In only a few places is Dante (the character) actually sort of threatened by all the terrible demons he confronts. Mostly, he just kind of walks past. It’s like Dante (the real-life poet) was intuiting the interstices between a travelogue and an epic quest. Here, by walking past Satan and describing him, but never interacting, he falls back into travelogue. Here’s the difference: a travelogue is boring your neighbors with a two-hour slideshow of your trip to the Death Star; an epic quest is blowing it up before it blows your planet.

Granted, given that this is Satan, the character Dante isn’t going to do jack squat to Satan. On a literal, moral, or anagogic level, he obviously can’t. That’s a tough problem with the rubric Dante’s set up for himself. But Satan could at least interact with him so that it’s not also a dramatic failure. Satan could lie. Try to destroy him.

In Christian scripture, Satan’s a devouring lion, forever seeking to kill and destroy. Here he’s a fat kid gnawing on popsicles. Why not have Dante (the character) momentarily believe Satan’s lies? So much of fiction reaches its climax when there’s a symbolic or literal death. Here, in a story about everything in the universe, there’s nothing like that? Why not have Dante barely escape, rattled and fundamentally changed by his own encounter with ultimate evil?
Instead, it’s more like, “And this is another interesting thing we saw. Scary, huh?” This is viewing the T-Rex in Jurassic Park, if it never gets out of its enclosure. You tap on the glass and it roars, and you go home to a nice steak.

Missed opportunity, bro. You coulda been a contender. You coulda been somebody.

Scoot over at the drum circle, Danny boyo; you’re no John Bonham yet.


5 Stars–but only because I’m a forgiving critic.

7 thoughts on “What I’m Playing: Dante

  1. Corwin says:

    You always have such fun with your writing. Can we, as readers, take this to mean that Dante’s interpretation (or lack thereof) of Satan informs your works? Perhaps why you get so real with your depiction of an alien and ultimate evil in “The Broken Eye”, particularly that “Great Library” scene?

    That was a very engaging part, I might add. You did well on capturing the wonder and fear a currently lesser being would have, by comparison, to such monumental entities.

    At any rate, thank you for sharing your take on Dante. As the ancient Romans say, wicked sick, my dude!

  2. Geoffrey says:

    I can’t help but smile, laugh, and shake my head when I read the articles you write for fun. Usually your jokes are borderline “dad jokes” and that’s why I shake my head. This time though, I am shaking my head because I came to the end of this and wanted to hear more about Honors English 101.

    Just think of the parallels you could have drawn- the class experience being a descent through Hell, a review within a review!
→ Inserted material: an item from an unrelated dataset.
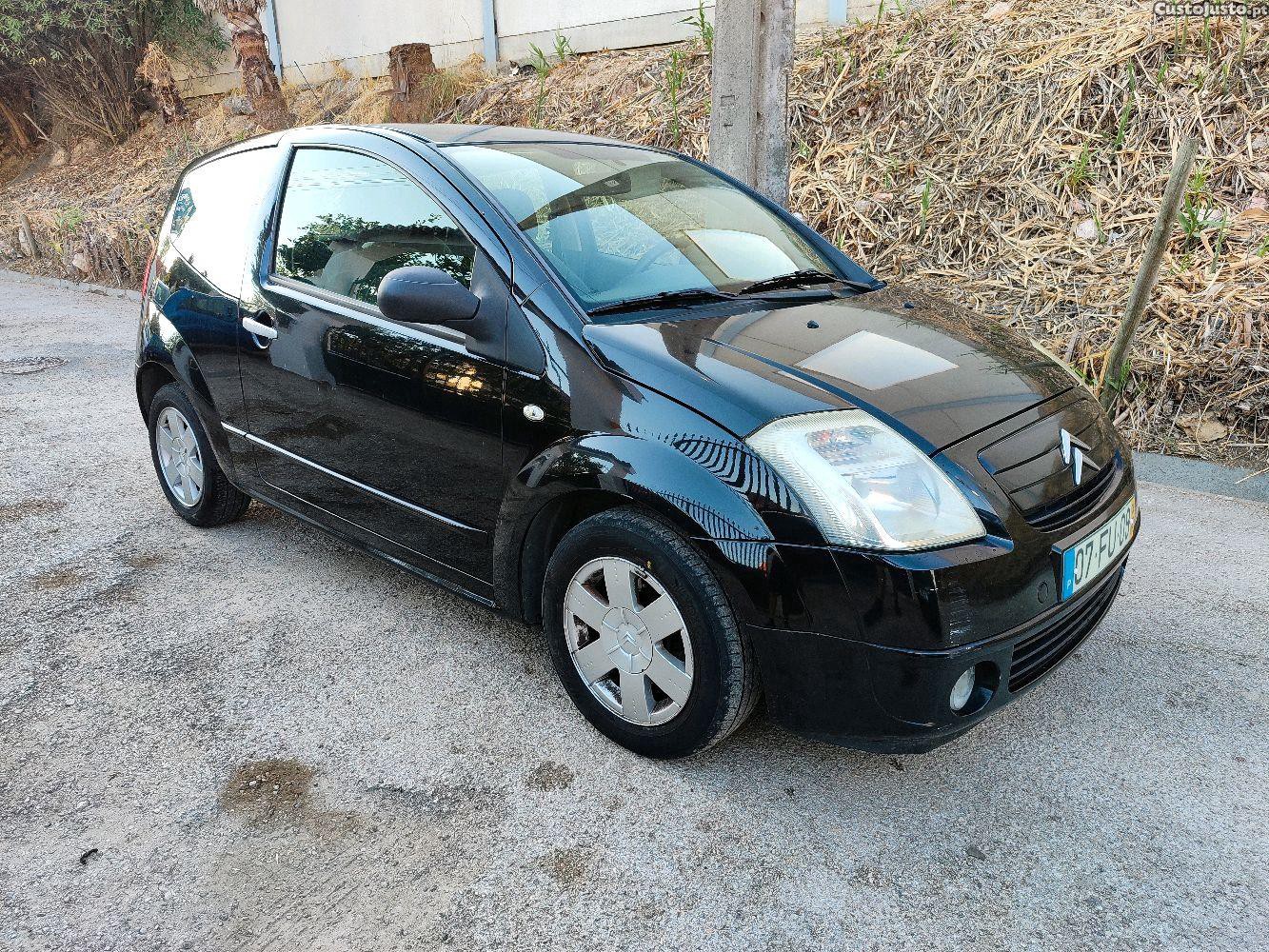 Citroën C2 1.1 Confort — fotografia 8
    Such a wasted opportunity. Then again, if you were channelling your inner Jordan there are another 12 books to hear this story, right?

    1. brent says:

      Yeah, but there was only Inferno in that class. No Purgatory, certainly no Paradiso. Sooo… not a sustainable metaphor. I like how you think, though. We certain drew some parallels ourselves!

  3. Keith Buhler says:

    OK, I’ll bite. You said: “I’m sure someone can defend it…To me, this reads as a failure of nerve, or a failure of poetry.”

    But your criticism depends on two assumptions:

    (1) You assume that meeting Satan is the climax of the story, a la blowing up the Death Star. But it’s not. Meeting Satan is a blip on the radar of Dante’s epic quest to behold the Holy Trinity.
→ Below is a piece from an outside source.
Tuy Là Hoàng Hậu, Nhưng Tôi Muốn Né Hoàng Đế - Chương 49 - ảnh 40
    (2) You assume that wanted his Satan character to be the best ever. But he doesn’t. Dante wants to show that satan, hell, and sin are *boring*. By depicting the would-be climax of the first part of his trilogy as an anti-climax, he communicates literally, allegorically, morally, anagogically that satan is ho-hum, nothing to see here.

    (As a literary device, it’s also brilliant because the reader is spurred on, by the let down, to hope for a bigger climax at the end — which the reader gets.)

    Dante is showing and actually making the reader to *feel it*, that it turns out “ultimate evil” is less interesting than a conversation with Virgil about love and free will (Purgatory 16 if memory serves) or a conversation with Beatrice about moonlight (Paradise 2). Satan is a non-entity, a spandrel, a nobody. After journeying through hell with Dante, the charm of the forbidden is gone, the delight in darkness is dead, the appeal of the impure goes poof.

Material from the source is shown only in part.